一は, まるで過去の私を嘲笑するかのように, 千絵のSNSアカウントもフォローしていた. 私はそのアカウントを開く. そこには, 幸せそうな千絵と千景, そして一の姿があった. 千絵は, 儚げで優しい女性を演じる人気インフルエンサー. だが, その裏では, 私から一を奪うためなら手段を選ばない狡猾な女だった.

「み, ずき... ! 」

私の意識は, 激しい頭痛と共に, 再び過去の記憶へと引き戻される. 弟の瑞樹が, 病院のベッドで苦しんでいた.

姉さん, 姉さん, 寒いよ, 痛いよ...

あの時, 私は瑞樹の隣にいられなかった. 一は私を見捨てて, 千絵と千景を選んだ. あの時の瑞樹の絶望が, 再び私の心を深くえぐる.

私の喉からは, 声にならない嗚咽が漏れた. 私はベッドに倒れ込み, シーツを握りしめる. 指の先が白くなるほど, 強く. この痛みは, 前世で瑞樹が感じた痛みだ. 私が, 助けられなかった痛み.

私の脳裏に, 千絵が送っていたメッセージがフラッシュバックする. 「瑞希さんは, もう目覚めない方が, みんなのためでしょうね」.

これは, 古川一と千絵が仕組んだことなのか?

私の頭の中に, 冷たい怒りが燃え上がる. 過去の私は, 一を信じていた. 彼の言葉を, 彼の愛情を, 信じていた. だが, それは全て幻想だった.

「ふざけないで... 」

私は震える声で呟いた. 古川一. 榊原千絵. そして, 榊原千景.

この憎悪は, 私を突き動かす力となる. もう, 誰も信じない. 私は, もう二度と, 彼らの思い通りにはならない.

夜遅く, 古川一が帰宅する音が聞こえた. 玄関のドアが開き, 彼の靴音が廊下に響く. 私はベッドから起き上がり, 寝室のドアを開けた. 私の顔は, きっと冷たい無表情だっただろう.

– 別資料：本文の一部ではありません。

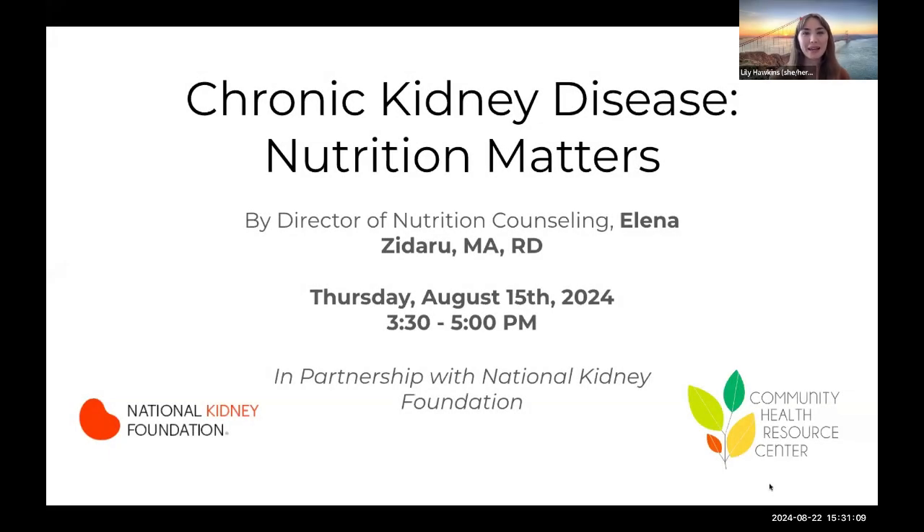Hi everyone, my name is Lily and I'm the billing and office manager here at Community Health Resource Center. Thank you for joining us for the second session of our chronic kidney disease and nutrition series. Today's presentation will provide guidance on managing CKD through nutrition intervention. We will also include a discussion of popular weight loss drugs and their relation to CKD, with nutrition tips for those who are taking the drugs.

古川一は, 私を見ると少し驚いた顔をした. 「瑞希, どうしたんだ? まだ起きていたのか? 」

その声は, 前世での私を安心させた優しい声だった. だが, 今の私には, その声が吐き気を催すほどの偽りに聞こえた.

「一」

私の声は, 私自身でも驚くほど冷徹だった. 古川一は, 私のその声に, 眉をひそめた.

「どうしたんだ, 瑞希? 何かあったのか? 」

私は, 彼の目を見据えた. 彼の瞳の中に, ほんの少しの動揺が見えた. それは, 私が見てはいけないものを見たことを, 彼が察したからだろう.

「あなたと, 離婚したい」

私の言葉は, 静かだったが, 部屋の空気を一瞬で凍らせた. 古川一の顔から, 血の気が引いていく. その表情は, 私が見たことのない, 完全に混乱した顔だった.